A bit after that I see

========= Program hit CUDA_ERROR_LAUNCH_FAILED (error 719) due to "unspecified launch failure" on CUDA API call to cuEventSynchronize.

Apparently this means a Segmentation fault?

The error message also later includes the TensorFlow stacktrace, which prints

Internal: cuDNN launch failure : input shape([16,256,1,1039]) filter shape([1,16,256,1024])

This seems to relate to a tf.keras.layers.Conv1D in my code. Bafflingly I am currently running the training script again with the exact same params without any errors.

Hi, chris
an illegal memory access was encountered
Hint of your problem is above log line as I thought. It is usually occured when some of difference between how many declare to using memory from you code and memory addresses where system actually need to process.
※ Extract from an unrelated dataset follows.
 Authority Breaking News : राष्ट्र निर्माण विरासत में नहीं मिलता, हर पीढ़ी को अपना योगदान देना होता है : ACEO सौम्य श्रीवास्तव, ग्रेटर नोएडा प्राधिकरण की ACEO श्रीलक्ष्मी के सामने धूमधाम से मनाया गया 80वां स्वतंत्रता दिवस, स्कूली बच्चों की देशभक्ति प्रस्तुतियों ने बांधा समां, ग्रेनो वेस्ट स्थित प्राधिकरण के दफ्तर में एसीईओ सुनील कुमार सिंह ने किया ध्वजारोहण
So, check a lines of initialize layers whether it is smaller than call layers.
Hope it goes well.

Thank you very much for your response. Unfortunately I am getting the same inermittent errors with some simple TensorFlow benchmark code:

# Adapted from https://stackoverflow.com/q/58441514/795131
import tensorflow as tf
import numpy as np
from time import time
import argparse

def timeit(func, iterations, *args):
    t0 = time()
    for _ in range(iterations):
        func(*args)
    print("Time/iter: %.4f sec" % ((time() - t0) / iterations))

def make_data(batch_shape):
    return np.random.randn(*batch_shape), np.random.randint(0, 256, (batch_shape[0], batch_shape[1]))

class TFModel(tf.keras.Model):

    def __init__(self):
        super().__init__()

        self.input_expand = tf.keras.layers.Conv1D(filters=1024, kernel_size=1)

        self.rnn1 = tf.keras.layers.GRU(
            units=1024,
            return_sequences=True,
            return_state=True,
            stateful=True)

        self.rnn2 = tf.keras.layers.GRU(
            units=1024,
            return_sequences=True,
            stateful=True)

        self.dense1 = tf.keras.layers.Dense(1024, activation='relu')
        self.dense2 = tf.keras.layers.Dense(256, activation='relu')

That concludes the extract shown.